• **Exercise instructions**
Would you please repeat exactly the entries below, starting at the line with "What Is Cryptorank" and ending at the line with "抗心力衰竭主要药物--医院药综辅导精华", and nothing outside that range? Leave out the pictures.

• **Record excerpts**
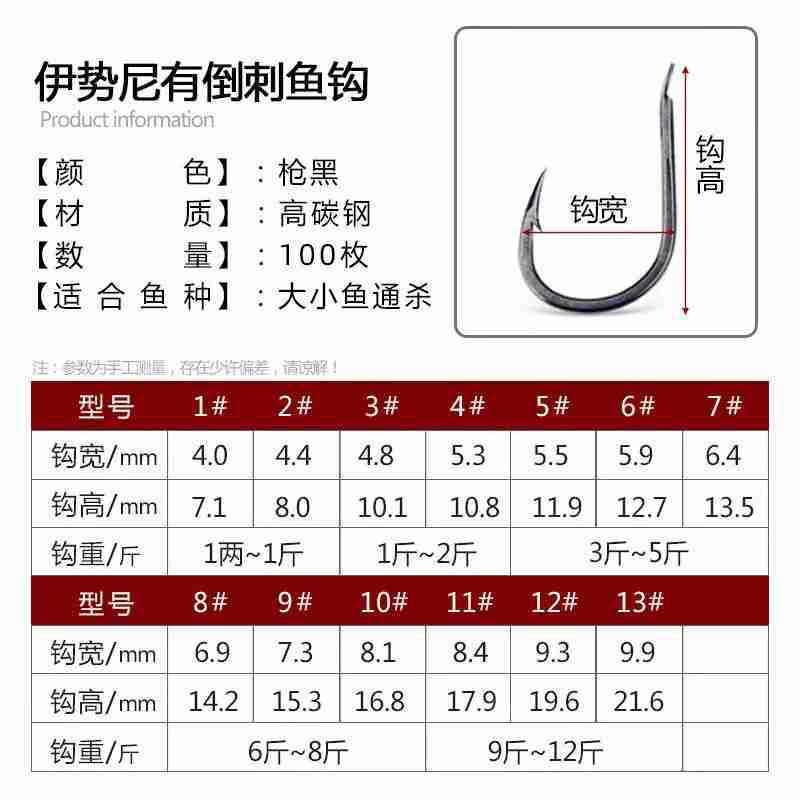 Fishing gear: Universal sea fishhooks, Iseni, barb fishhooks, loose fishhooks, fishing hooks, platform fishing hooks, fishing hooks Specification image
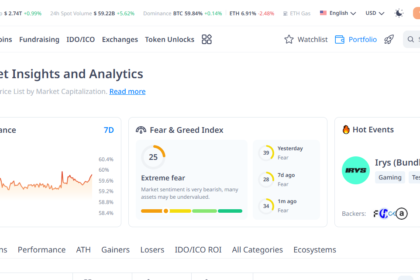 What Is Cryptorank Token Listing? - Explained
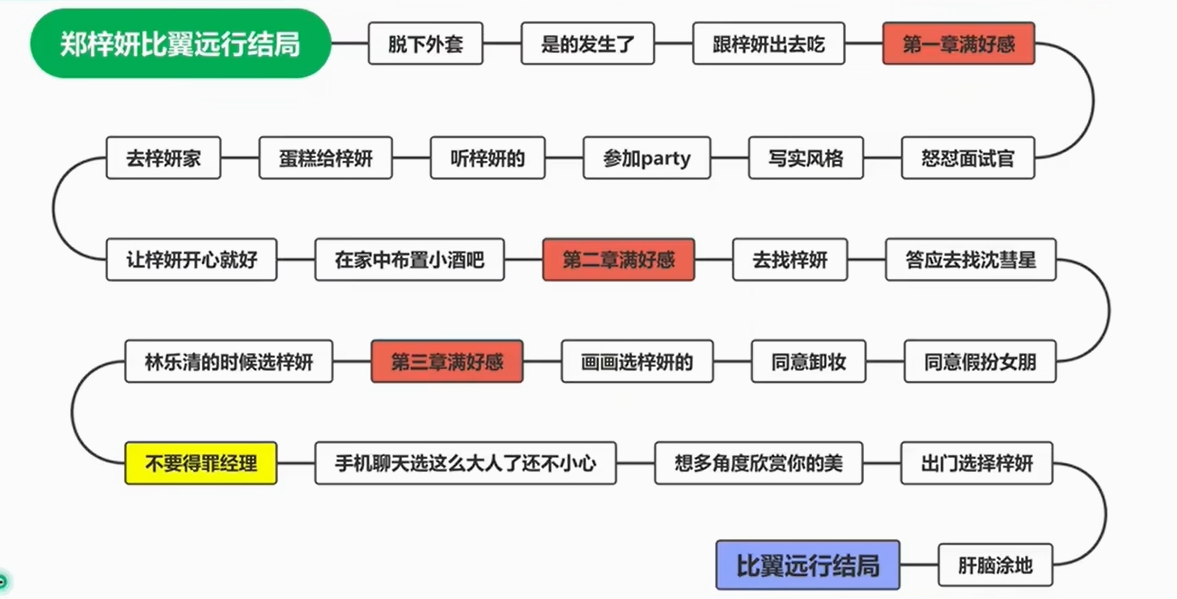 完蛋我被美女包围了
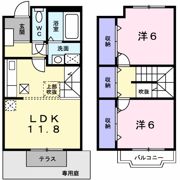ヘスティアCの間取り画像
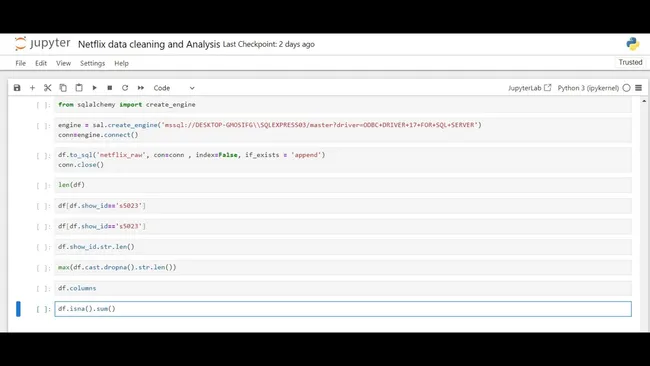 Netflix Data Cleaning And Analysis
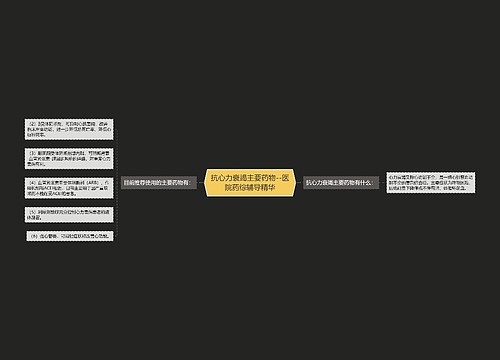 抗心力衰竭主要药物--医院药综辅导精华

--

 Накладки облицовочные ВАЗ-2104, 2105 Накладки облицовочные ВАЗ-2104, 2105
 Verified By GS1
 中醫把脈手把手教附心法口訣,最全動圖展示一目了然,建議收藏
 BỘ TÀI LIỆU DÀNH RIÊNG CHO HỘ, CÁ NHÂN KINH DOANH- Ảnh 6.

• **Solution for this exercise**
 What Is Cryptorank Token Listing? - Explained
 完蛋我被美女包围了
ヘスティアCの間取り画像
 Netflix Data Cleaning And Analysis
 抗心力衰竭主要药物--医院药综辅导精华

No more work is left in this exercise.